> [Work task]: Each line below should be restated word for word.

> [Available records]:
**********

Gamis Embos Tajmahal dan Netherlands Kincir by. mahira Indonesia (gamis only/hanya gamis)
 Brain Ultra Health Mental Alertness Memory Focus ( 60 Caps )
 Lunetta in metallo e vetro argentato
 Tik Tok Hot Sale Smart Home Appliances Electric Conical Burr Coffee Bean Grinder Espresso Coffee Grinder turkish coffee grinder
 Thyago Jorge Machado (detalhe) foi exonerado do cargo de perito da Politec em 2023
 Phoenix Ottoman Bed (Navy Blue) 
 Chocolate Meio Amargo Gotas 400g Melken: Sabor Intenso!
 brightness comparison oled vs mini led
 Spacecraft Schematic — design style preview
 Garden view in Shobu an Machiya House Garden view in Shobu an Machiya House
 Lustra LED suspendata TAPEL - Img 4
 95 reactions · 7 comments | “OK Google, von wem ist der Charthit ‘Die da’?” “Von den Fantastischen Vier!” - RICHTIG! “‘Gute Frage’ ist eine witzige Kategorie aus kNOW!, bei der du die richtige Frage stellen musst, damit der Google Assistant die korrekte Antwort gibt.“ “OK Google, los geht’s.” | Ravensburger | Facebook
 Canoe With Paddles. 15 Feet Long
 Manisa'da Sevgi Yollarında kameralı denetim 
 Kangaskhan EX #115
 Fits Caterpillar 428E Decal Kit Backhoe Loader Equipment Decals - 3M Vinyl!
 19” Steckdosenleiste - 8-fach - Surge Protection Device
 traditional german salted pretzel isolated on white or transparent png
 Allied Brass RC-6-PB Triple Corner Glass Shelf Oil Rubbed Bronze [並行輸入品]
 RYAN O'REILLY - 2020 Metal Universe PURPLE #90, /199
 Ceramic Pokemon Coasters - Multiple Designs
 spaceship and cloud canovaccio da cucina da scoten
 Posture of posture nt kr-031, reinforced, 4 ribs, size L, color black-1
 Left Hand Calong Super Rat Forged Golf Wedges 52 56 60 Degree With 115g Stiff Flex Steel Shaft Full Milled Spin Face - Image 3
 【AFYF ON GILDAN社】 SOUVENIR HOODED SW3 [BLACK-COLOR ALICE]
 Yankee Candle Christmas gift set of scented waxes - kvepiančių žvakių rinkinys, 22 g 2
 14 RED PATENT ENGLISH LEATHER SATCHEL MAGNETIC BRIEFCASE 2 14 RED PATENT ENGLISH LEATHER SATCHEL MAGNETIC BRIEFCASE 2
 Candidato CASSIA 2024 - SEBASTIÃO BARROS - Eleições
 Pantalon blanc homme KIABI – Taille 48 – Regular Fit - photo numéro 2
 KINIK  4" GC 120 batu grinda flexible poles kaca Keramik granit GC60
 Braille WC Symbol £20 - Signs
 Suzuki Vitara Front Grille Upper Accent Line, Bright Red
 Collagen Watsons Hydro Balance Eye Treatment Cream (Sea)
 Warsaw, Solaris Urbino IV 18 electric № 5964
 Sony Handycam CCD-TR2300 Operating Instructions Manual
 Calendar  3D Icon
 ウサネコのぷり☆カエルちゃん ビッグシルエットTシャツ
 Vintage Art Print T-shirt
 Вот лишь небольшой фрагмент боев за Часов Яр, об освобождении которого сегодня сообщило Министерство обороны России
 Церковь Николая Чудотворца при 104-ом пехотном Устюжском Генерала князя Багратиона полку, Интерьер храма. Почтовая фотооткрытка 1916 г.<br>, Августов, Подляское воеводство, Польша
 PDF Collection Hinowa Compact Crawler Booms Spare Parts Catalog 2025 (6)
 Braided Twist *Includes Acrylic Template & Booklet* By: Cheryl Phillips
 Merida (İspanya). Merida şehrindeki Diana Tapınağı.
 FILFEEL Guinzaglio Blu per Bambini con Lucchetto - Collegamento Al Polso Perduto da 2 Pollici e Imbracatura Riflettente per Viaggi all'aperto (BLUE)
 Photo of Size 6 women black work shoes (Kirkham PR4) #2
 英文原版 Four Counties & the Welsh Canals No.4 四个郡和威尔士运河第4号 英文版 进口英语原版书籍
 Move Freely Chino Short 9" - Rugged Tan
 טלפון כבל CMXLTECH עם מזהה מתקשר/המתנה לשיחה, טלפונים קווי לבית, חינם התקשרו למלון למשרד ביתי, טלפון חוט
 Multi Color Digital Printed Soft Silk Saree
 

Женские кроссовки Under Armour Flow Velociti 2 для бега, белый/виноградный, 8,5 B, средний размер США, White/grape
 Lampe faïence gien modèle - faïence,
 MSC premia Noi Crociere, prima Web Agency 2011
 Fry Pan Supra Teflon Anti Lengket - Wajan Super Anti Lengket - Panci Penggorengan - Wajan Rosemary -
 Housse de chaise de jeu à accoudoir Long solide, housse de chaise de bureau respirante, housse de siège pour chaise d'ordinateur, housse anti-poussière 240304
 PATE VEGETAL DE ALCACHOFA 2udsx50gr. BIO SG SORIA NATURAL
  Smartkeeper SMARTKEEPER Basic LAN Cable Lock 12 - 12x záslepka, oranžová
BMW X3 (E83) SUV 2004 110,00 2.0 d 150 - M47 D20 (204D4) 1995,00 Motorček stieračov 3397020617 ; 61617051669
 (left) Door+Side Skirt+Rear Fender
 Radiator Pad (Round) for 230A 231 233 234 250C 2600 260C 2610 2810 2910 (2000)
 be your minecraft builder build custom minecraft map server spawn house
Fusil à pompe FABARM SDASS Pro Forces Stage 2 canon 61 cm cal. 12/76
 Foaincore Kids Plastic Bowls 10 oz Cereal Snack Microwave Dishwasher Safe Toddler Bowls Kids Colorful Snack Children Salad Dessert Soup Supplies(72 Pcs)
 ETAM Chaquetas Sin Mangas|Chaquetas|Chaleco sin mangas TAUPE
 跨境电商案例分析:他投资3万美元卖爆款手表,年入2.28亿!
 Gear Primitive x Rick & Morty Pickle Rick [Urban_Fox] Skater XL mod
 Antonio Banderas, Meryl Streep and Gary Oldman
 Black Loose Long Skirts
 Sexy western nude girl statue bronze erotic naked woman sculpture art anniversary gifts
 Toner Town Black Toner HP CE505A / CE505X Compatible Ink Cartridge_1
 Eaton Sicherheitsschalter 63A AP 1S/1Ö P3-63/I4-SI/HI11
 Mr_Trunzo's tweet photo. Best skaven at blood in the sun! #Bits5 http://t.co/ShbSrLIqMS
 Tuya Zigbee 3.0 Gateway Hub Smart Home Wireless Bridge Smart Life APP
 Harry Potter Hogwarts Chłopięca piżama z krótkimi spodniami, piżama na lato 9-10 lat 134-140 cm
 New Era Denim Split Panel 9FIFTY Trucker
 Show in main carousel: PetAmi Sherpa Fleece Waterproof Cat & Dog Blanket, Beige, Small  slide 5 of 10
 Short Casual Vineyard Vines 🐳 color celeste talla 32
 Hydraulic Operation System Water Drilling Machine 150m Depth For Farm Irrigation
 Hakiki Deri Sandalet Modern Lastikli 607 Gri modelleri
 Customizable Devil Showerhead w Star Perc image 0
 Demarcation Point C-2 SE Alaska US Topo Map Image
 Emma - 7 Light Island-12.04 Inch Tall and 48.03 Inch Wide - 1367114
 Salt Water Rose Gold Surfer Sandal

**********

> [Output of the exercise]:
Gamis Embos Tajmahal dan Netherlands Kincir by. mahira Indonesia (gamis only/hanya gamis)
 Brain Ultra Health Mental Alertness Memory Focus ( 60 Caps )
 Lunetta in metallo e vetro argentato
 Tik Tok Hot Sale Smart Home Appliances Electric Conical Burr Coffee Bean Grinder Espresso Coffee Grinder turkish coffee grinder
 Thyago Jorge Machado (detalhe) foi exonerado do cargo de perito da Politec em 2023
 Phoenix Ottoman Bed (Navy Blue) 
 Chocolate Meio Amargo Gotas 400g Melken: Sabor Intenso!
 brightness comparison oled vs mini led
 Spacecraft Schematic — design style preview
 Garden view in Shobu an Machiya House Garden view in Shobu an Machiya House
 Lustra LED suspendata TAPEL - Img 4
 95 reactions · 7 comments | “OK Google, von wem ist der Charthit ‘Die da’?” “Von den Fantastischen Vier!” - RICHTIG! “‘Gute Frage’ ist eine witzige Kategorie aus kNOW!, bei der du die richtige Frage stellen musst, damit der Google Assistant die korrekte Antwort gibt.“ “OK Google, los geht’s.” | Ravensburger | Facebook
 Canoe With Paddles. 15 Feet Long
 Manisa'da Sevgi Yollarında kameralı denetim 
 Kangaskhan EX #115
 Fits Caterpillar 428E Decal Kit Backhoe Loader Equipment Decals - 3M Vinyl!
 19” Steckdosenleiste - 8-fach - Surge Protection Device
 traditional german salted pretzel isolated on white or transparent png
 Allied Brass RC-6-PB Triple Corner Glass Shelf Oil Rubbed Bronze [並行輸入品]
 RYAN O'REILLY - 2020 Metal Universe PURPLE #90, /199
 Ceramic Pokemon Coasters - Multiple Designs
 spaceship and cloud canovaccio da cucina da scoten
 Posture of posture nt kr-031, reinforced, 4 ribs, size L, color black-1
 Left Hand Calong Super Rat Forged Golf Wedges 52 56 60 Degree With 115g Stiff Flex Steel Shaft Full Milled Spin Face - Image 3
 【AFYF ON GILDAN社】 SOUVENIR HOODED SW3 [BLACK-COLOR ALICE]
 Yankee Candle Christmas gift set of scented waxes - kvepiančių žvakių rinkinys, 22 g 2
 14 RED PATENT ENGLISH LEATHER SATCHEL MAGNETIC BRIEFCASE 2 14 RED PATENT ENGLISH LEATHER SATCHEL MAGNETIC BRIEFCASE 2
 Candidato CASSIA 2024 - SEBASTIÃO BARROS - Eleições
 Pantalon blanc homme KIABI – Taille 48 – Regular Fit - photo numéro 2
 KINIK  4" GC 120 batu grinda flexible poles kaca Keramik granit GC60
 Braille WC Symbol £20 - Signs
 Suzuki Vitara Front Grille Upper Accent Line, Bright Red
 Collagen Watsons Hydro Balance Eye Treatment Cream (Sea)
 Warsaw, Solaris Urbino IV 18 electric № 5964
 Sony Handycam CCD-TR2300 Operating Instructions Manual
 Calendar  3D Icon
 ウサネコのぷり☆カエルちゃん ビッグシルエットTシャツ
 Vintage Art Print T-shirt
 Вот лишь небольшой фрагмент боев за Часов Яр, об освобождении которого сегодня сообщило Министерство обороны России
 Церковь Николая Чудотворца при 104-ом пехотном Устюжском Генерала князя Багратиона полку, Интерьер храма. Почтовая фотооткрытка 1916 г.<br>, Августов, Подляское воеводство, Польша
 PDF Collection Hinowa Compact Crawler Booms Spare Parts Catalog 2025 (6)
 Braided Twist *Includes Acrylic Template & Booklet* By: Cheryl Phillips
 Merida (İspanya). Merida şehrindeki Diana Tapınağı.
 FILFEEL Guinzaglio Blu per Bambini con Lucchetto - Collegamento Al Polso Perduto da 2 Pollici e Imbracatura Riflettente per Viaggi all'aperto (BLUE)
 Photo of Size 6 women black work shoes (Kirkham PR4) #2
 英文原版 Four Counties & the Welsh Canals No.4 四个郡和威尔士运河第4号 英文版 进口英语原版书籍
 Move Freely Chino Short 9" - Rugged Tan
 טלפון כבל CMXLTECH עם מזהה מתקשר/המתנה לשיחה, טלפונים קווי לבית, חינם התקשרו למלון למשרד ביתי, טלפון חוט
 Multi Color Digital Printed Soft Silk Saree
 

Женские кроссовки Under Armour Flow Velociti 2 для бега, белый/виноградный, 8,5 B, средний размер США, White/grape
 Lampe faïence gien modèle - faïence,
 MSC premia Noi Crociere, prima Web Agency 2011
 Fry Pan Supra Teflon Anti Lengket - Wajan Super Anti Lengket - Panci Penggorengan - Wajan Rosemary -
 Housse de chaise de jeu à accoudoir Long solide, housse de chaise de bureau respirante, housse de siège pour chaise d'ordinateur, housse anti-poussière 240304
 PATE VEGETAL DE ALCACHOFA 2udsx50gr. BIO SG SORIA NATURAL
  Smartkeeper SMARTKEEPER Basic LAN Cable Lock 12 - 12x záslepka, oranžová
BMW X3 (E83) SUV 2004 110,00 2.0 d 150 - M47 D20 (204D4) 1995,00 Motorček stieračov 3397020617 ; 61617051669
 (left) Door+Side Skirt+Rear Fender
 Radiator Pad (Round) for 230A 231 233 234 250C 2600 260C 2610 2810 2910 (2000)
 be your minecraft builder build custom minecraft map server spawn house
Fusil à pompe FABARM SDASS Pro Forces Stage 2 canon 61 cm cal. 12/76
 Foaincore Kids Plastic Bowls 10 oz Cereal Snack Microwave Dishwasher Safe Toddler Bowls Kids Colorful Snack Children Salad Dessert Soup Supplies(72 Pcs)
 ETAM Chaquetas Sin Mangas|Chaquetas|Chaleco sin mangas TAUPE
 跨境电商案例分析:他投资3万美元卖爆款手表,年入2.28亿!
 Gear Primitive x Rick & Morty Pickle Rick [Urban_Fox] Skater XL mod
 Antonio Banderas, Meryl Streep and Gary Oldman
 Black Loose Long Skirts
 Sexy western nude girl statue bronze erotic naked woman sculpture art anniversary gifts
 Toner Town Black Toner HP CE505A / CE505X Compatible Ink Cartridge_1
 Eaton Sicherheitsschalter 63A AP 1S/1Ö P3-63/I4-SI/HI11
 Mr_Trunzo's tweet photo. Best skaven at blood in the sun! #Bits5 http://t.co/ShbSrLIqMS
 Tuya Zigbee 3.0 Gateway Hub Smart Home Wireless Bridge Smart Life APP
 Harry Potter Hogwarts Chłopięca piżama z krótkimi spodniami, piżama na lato 9-10 lat 134-140 cm
 New Era Denim Split Panel 9FIFTY Trucker
 Show in main carousel: PetAmi Sherpa Fleece Waterproof Cat & Dog Blanket, Beige, Small  slide 5 of 10
 Short Casual Vineyard Vines 🐳 color celeste talla 32
 Hydraulic Operation System Water Drilling Machine 150m Depth For Farm Irrigation
 Hakiki Deri Sandalet Modern Lastikli 607 Gri modelleri
 Customizable Devil Showerhead w Star Perc image 0
 Demarcation Point C-2 SE Alaska US Topo Map Image
 Emma - 7 Light Island-12.04 Inch Tall and 48.03 Inch Wide - 1367114
 Salt Water Rose Gold Surfer Sandal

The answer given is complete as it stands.